Proactive measurement of the delay in communication networks aims to detect congestion and find links on which the traffic flow is obstructed. The goal is to detect delayed links as early as possible, without interfering with the network traffic. There is, however, a tradeoff between the detection time and the cost (e.g., bandwidth utilization). An adaptive measurement adjusts the inspection rate per each link, for effective monitoring with reduced costs, but it requires control over forwarding rules. SDProber is a tool for proactive measurement of delays in SDN. SDProber uses probe packets that are routed by adding tailored rules to the vSwitches. Adaptation is achieved by changing the probabilities that govern the random walk.

A Framework for ML-Based Prediction of Network Events on Programmable Switches

(Work done as an intern at AT&T Labs Research 2018, mentored by Yaron Kanza and Balachander Krishnamurthy)

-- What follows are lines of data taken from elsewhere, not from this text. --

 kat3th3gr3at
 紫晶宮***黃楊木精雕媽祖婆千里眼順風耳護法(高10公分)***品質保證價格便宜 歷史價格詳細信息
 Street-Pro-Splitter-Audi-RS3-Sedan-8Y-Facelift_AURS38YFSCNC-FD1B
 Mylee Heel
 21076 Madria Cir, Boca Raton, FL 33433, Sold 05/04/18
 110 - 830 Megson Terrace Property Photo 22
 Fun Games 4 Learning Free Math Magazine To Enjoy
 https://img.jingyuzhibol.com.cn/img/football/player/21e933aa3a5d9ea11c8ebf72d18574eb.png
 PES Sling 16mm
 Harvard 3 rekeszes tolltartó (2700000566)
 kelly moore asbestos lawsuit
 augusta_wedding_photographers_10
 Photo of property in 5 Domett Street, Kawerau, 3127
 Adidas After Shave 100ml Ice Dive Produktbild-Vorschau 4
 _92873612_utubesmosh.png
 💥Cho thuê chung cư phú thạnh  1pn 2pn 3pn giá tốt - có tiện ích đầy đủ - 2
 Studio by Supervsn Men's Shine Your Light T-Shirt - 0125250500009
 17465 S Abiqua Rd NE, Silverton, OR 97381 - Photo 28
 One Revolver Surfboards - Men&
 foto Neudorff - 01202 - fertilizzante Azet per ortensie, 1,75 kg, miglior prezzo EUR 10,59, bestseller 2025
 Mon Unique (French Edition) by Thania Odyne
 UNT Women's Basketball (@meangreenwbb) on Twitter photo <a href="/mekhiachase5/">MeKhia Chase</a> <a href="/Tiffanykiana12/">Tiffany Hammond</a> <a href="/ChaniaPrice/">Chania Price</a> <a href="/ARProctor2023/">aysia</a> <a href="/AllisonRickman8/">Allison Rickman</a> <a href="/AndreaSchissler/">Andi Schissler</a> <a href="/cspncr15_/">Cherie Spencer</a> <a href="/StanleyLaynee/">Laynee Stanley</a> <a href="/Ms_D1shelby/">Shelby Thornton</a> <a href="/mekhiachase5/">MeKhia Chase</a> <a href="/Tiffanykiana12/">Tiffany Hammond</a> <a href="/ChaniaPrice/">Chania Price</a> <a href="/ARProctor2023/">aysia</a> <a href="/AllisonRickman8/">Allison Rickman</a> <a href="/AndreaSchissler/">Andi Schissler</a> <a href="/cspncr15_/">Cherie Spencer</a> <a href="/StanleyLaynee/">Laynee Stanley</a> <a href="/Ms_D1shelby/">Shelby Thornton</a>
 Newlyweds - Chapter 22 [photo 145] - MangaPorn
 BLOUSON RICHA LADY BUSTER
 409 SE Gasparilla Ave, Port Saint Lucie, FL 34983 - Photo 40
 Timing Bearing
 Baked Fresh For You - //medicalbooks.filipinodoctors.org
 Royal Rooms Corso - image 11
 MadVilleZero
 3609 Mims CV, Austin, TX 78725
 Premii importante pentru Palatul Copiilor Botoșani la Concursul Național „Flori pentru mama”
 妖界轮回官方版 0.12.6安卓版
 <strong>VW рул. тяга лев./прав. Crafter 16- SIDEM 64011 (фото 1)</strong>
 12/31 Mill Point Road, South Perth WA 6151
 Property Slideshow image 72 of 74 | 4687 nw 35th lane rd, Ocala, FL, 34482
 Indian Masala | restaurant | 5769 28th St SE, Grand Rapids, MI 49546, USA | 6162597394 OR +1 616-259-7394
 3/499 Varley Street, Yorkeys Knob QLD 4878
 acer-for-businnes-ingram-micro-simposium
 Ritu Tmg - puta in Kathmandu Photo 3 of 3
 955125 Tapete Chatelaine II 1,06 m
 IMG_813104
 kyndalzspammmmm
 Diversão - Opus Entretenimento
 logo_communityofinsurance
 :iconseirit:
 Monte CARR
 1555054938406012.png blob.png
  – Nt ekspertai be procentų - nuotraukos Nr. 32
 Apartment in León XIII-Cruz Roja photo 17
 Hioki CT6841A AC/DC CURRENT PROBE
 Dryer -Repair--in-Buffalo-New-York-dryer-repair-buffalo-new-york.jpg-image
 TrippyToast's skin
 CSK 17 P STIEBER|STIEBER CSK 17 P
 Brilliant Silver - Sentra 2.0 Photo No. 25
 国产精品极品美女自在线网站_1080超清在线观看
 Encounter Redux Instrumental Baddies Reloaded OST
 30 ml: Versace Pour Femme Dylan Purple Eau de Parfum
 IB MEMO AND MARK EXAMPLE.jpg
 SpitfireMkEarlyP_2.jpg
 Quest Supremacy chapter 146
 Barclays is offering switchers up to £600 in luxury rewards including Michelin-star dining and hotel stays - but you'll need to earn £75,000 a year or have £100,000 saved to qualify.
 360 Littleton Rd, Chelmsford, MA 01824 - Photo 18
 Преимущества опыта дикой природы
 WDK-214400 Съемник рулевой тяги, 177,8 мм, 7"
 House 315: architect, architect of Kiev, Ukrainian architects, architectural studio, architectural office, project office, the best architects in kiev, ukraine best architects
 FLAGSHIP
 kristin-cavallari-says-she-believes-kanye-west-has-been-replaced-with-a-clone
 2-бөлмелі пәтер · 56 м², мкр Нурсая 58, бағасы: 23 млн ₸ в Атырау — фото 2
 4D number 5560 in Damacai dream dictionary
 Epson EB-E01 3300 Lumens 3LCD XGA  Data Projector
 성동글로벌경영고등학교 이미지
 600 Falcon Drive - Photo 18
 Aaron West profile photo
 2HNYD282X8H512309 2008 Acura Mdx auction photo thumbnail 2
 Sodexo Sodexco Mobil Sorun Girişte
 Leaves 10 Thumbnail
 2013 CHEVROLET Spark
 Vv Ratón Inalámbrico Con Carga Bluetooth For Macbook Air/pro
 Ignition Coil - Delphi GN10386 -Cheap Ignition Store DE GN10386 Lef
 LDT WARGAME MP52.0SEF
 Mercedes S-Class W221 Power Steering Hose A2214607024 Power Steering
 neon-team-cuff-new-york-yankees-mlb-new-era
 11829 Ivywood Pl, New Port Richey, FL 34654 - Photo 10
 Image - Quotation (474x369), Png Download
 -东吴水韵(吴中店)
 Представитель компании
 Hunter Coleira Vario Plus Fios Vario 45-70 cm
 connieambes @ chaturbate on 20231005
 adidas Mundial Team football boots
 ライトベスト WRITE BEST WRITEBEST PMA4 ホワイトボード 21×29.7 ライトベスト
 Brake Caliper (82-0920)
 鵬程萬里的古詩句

Machine learning can be powerful in predicting network events, which can help network operators to take proactive decisions. However, modern switches are limited in operations that would allow machine learning in them. We propose a framework, which performs real-time prediction of network events (such as microbursts or link utilization) in switches. Our framework uses offline learning to understand scenarios leading to a particular network event, translates the learned model to a DFA and finally compile it to a switch using P4.

Quantifying the impact of blacklisting

(Work done as an intern at ICSI Berkeley 2019, mentored by Sadia Afroz)

Blacklists are a list of addresses that are known to be malicious. Blacklists are simple to implement and are often used as the first layer of defense. However, blacklists using IP addresses as an identifier for malicious activity has two drawbacks. Firstly, there is a shortage of IPv4 address space, which is forcing network operators to accommodate several users behind the same IP address using Carrier-grade NAT. Blacklisting an address in such an address space can inadvertently affect several other legitimate users who share the same IP address with the malicious user. Secondly, many ISPs adopt the policy of dynamic addressing where a particular user can get multiple IP addresses over time. Therefore, a malicious user can send attacks with one IP address, but can no longer be identified as malicious by IP address in case of dynamic addressing. In the worst cases, a legitimate user may be assigned the previous IP address of the malicious user, which can lead to unintentional blocking of the legitimate user. In this work, we attempt to quantify the collateral damage incurred by representing blacklists using IP addresses.